**Assignment**. Retype each line below precisely and omit all images.

**Given material**.
####
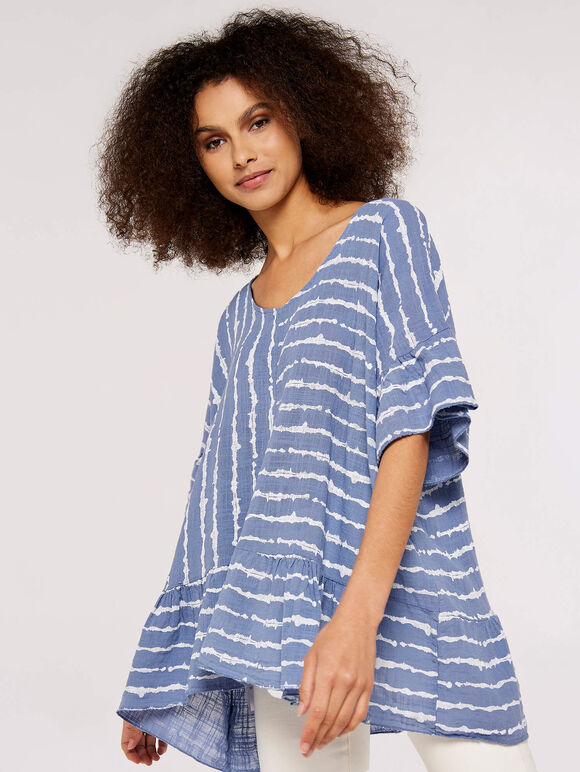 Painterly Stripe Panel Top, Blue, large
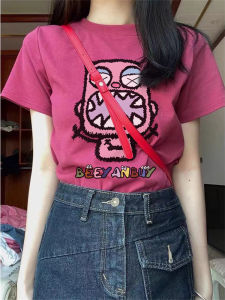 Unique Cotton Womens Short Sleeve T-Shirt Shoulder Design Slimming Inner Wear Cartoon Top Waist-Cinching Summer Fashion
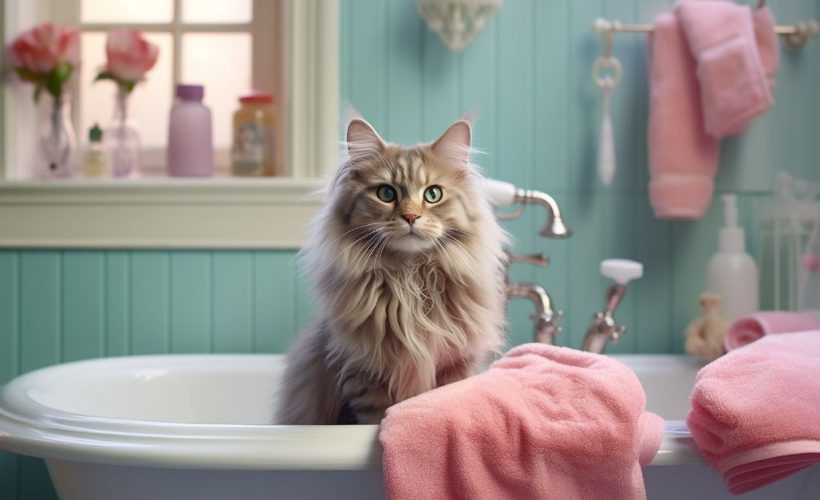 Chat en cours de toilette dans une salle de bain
####
**Task answer**.
 Painterly Stripe Panel Top, Blue, large
 Unique Cotton Womens Short Sleeve T-Shirt Shoulder Design Slimming Inner Wear Cartoon Top Waist-Cinching Summer Fashion
 Chat en cours de toilette dans une salle de bain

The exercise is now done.